Merhabalar herkese.. Bodrumda ve Ildırda gerçekleştirmiş olduğum yemli dip ve yeldirme avlarımda dip için dyneema ip ve su üstü için ince (0,12-1,18) misinaların çok ama çok daha avcı olduklarının farkına vardım. İpin esnemesi az olduğundan 50metreleri çok hassas yokladım ve tasmalamalarım gerçekten çok etkili oldu. Su üstünde ise kalın ve ince misinadaki yemin hareketini ve ince misinanın avcılığını gözlemleyebildim. Bu tecrübelerin üzerine dip takımında flourocarbon misina kullanma kararı aldım ancak malumunuz fiyat/performans çeşitliliği oldukça kafamı karıştırdı. Su üstünde iri kolyozlar abartısız yarım kiloluk istavritler ve zarganalar hep ince oltma bindi, hedefim daha da ince 0,08-0.10 misina kullanmak. Dipte ise 0,35 lik flourocarbonlar. Üstadlardan tecrübe edilmiş olan fiyat/performans oranı tatminkar misina tavsiyelerini rica ediyorum.
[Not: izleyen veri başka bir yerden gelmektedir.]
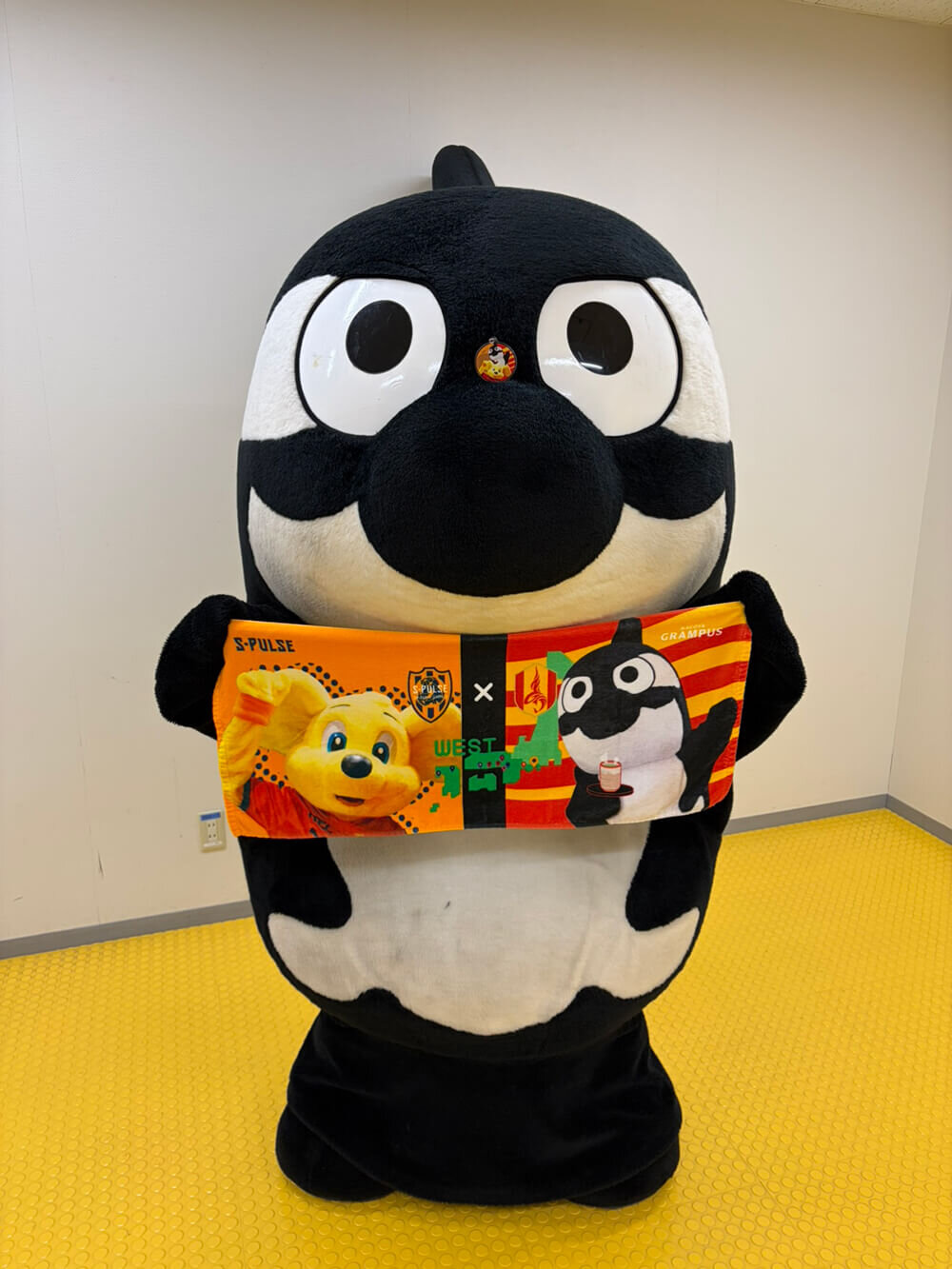 26_0425_awaygoods_banner.jpg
Birde dip takımında her zaman kurşundan sonra diğer kösteklere göre 2-3 kat uzun hazırladığım hırsızlar daha büyük balıklar avladı. Acaba diğer üstteki kösteklerin uzunluğu ne kadar önemli? Kısa köstekmi yoksa uzun köstekmi daha avcı? Ayrıca zoka ile avlanmak her zaman ayrı bir zevk benim için. Bu konular hakkında tecrübesi olan üstadlar acaba paylaşımda bulunabilir mi? Vedat ve Orhan abilerimizin tecrübeleri forumda herkesi bu konuda aydınlatacaktır. Artık klasik 3-4 lü dip takımlarını detaylı bir biçimde inceleme zamanı geldi sanırım. Paylaşımda bulunan herkese şimdiden teşekkürler..
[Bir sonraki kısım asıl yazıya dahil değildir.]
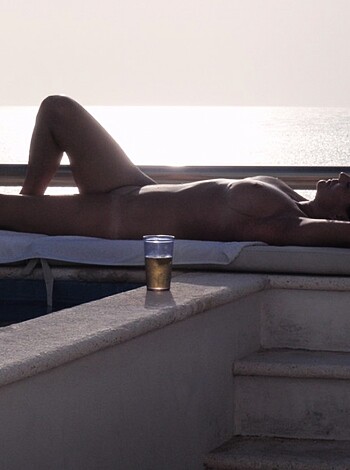 Sexy milf and her vacation photos from beach - Photo 9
Sevgili dostum, Şiddetle okuma shotai %100 fc misina öneriyorum. Fiyatı biraz tuzlu olsa da gerek avcılığı gerekse misinanın sağlamlığı seni mutlu edecektir. Yıpranan köstekleri iki parmağının arasında gergin bir şekilde ütüleme yaparak gün boyu avcılığından hiç bir şey kaybetmeden kullanabilirsin. Saydamlığının yanı sıra kösteklerin palmiye ağacının yaprakları gibi gergin ve açık bir şekilde durmasını ekstra avantaj bence. Güneş ışığının ulaşabildiği derinliklerde yaptığın dip avcılığında skor ve boy yönünden illaki artıları olacaktır monolara göre.
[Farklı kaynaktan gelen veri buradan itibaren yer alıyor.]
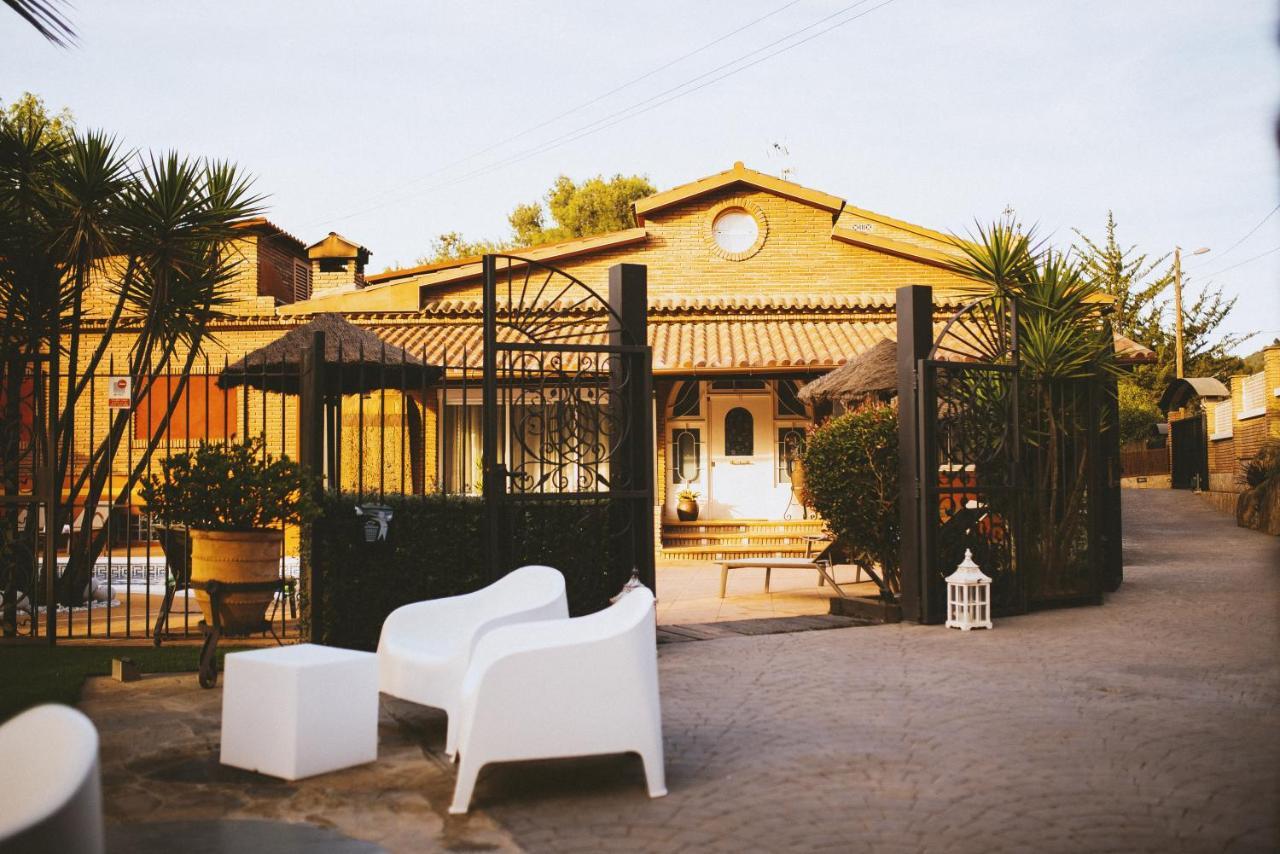 Caribbean Home Montcada i Reixac Ngoại thất bức ảnh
Ben florokarbon olarak awa-shima eclipsia kullanıyorum iki seneden fazladır. hem sağlam hem performans olarak yanında veya önceden kullandıklarıma fark atıyor. Bedende de yine aynı markanın fluor-x isimli florin misinasını kullanıyorum, sürtünmeye dayanıklı, mukavim ve florokarbona yakın bir görünmezliği var. Köstek olayında da kesin bir doğru yok, genel kabul olarak akıntılı suda uzun köstek, durgun suda kısa köstek olarak kullanmak gerekir. Bu yemin hareket ederek cazibesinin maksimumda olması için geçerli bir kural. Bir diğer boyutu da, köstek arası mesafelerin ve son kösteğin kurşunun ne kadar yukarısında olmasını istediğinize göre köstek boylarının değişmesidir. Posidonia dolu bir dip yapısında kurşundan epey yukarı köstek bağlamanız icap edebilir, onu bir üstteki kösteğe göre ayarlarsınız, bazı durumlarda balığı yukarıdan kaldırmak gerekir, bu sefer de çok uzun köstek balığın kaldırılamamasına, taşa maşa, iskeleye çarpmasına sebep olabilir. Bunların bileşkesi köstek uzunluğunun çözümüdür. Balık çeşitlerine girmedim bile. Misal; çok akıntılı bir suda 1-2 kulaçlık tek köstek uzun olta mantığıyla hazırlanıp salınır, taşını bulursanız en iri karagözleri, mercanları yapıştırırsınız. Kısa köstekli takımda avcılık oranınız düşer. Ancak; balık çeşidine göre bunlar değişebilir, tecrübe edilerek (mera faktörü de etken) bulunması konuşulmasından evladır bana göre. Bizim dediğimiz sizin dediğinizle çelişebilecektir mera mera. Genel kabul deyip işin içinden sıyrılıveriyoruz işte. Yazıyı sonlandırırken bir tüyo vereyim bari; ben optimum verimi kıyıdan savurma dip avlarında şöyle aldım; üst köstek iki karış, alt köstek bir karış, araları da iğne iğneye değmeyecek şekilde ve biraz da bol ayarlı.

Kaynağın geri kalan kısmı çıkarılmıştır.